Question

*Explain the difference between procedural and nonprocedural languages. Use specific procedural
and nonprocedural languages of your choice to illustrate the difference.
*Explain what is backtracking in Prolog systems, and why backtracking is necessary.
*Explain resolution and unification in Prolog, and their relationship.

*Write Prolog programs for the following problems:
a) Reverse a list.
b) Find the length of a list.
c) Find the average of a list of numbers.

*Write Scheme programs for the following problems:
a) Reverse a list.
b) Find the length of a list.
c) Find the average of a list of numbers.

Answer 1

question no.1 -

procedural languages:

In procedural languages, the program code is written as a sequence of instructions. User has to specify “what to do” and also “how to do” (step by step procedure). These instructions are executed in the sequential order.
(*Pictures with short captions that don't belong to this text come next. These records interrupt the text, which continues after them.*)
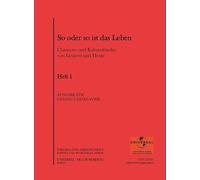 Various-So oder so ist das Leben, Heft 1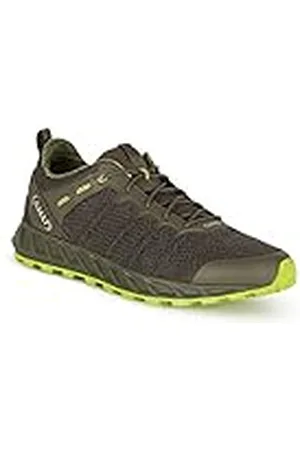 Aku RAPIDA Air Botas Senderismo, Hombre, Mud/Green, 42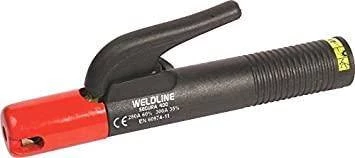 UCHWYT ELEKTRODY Z DŹWIGNIĄ SEGURA 300 WELDLINE W000010570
These instructions are written to solve specific problems.

Examples of Procedural languages:
FORTRAN, COBOL, ALGOL, BASIC, C and Pascal.

The programs constructed using procedural language comprised of a sequence of statements, where the memory location values change according to the execution of the different statements in order to enter a new state. The procedural language syntax is given below:

statement1;
statement2;
————–

Example of procedural language (FORTRAN 90) :

 PROGRAM Triangle
     IMPLICIT NONE
     REAL :: a, b, c, Area
     PRINT *, 'Welcome, please enter the&
              &lengths of the 3 sides.'
     READ *, a, b, c
     PRINT *, 'Triangle''s area:  ', Area(a,b,c)
    END PROGRAM Triangle
    FUNCTION Area(x,y,z)
     IMPLICIT NONE
     REAL :: Area            ! function type
     REAL, INTENT( IN ) :: x, y, z
     REAL :: theta, height
     theta = ACOS((x**2+y**2-z**2)/(2.0*x*y))
     height = x*SIN(theta); Area = 0.5*y*height
    END FUNCTION Area

Non-Procedural Language:

In the non-procedural languages, the user has to specify only “what to do” and not “how to do”. It is also known as an applicative or functional language. It involves the development of the functions from other functions to construct more complex functions.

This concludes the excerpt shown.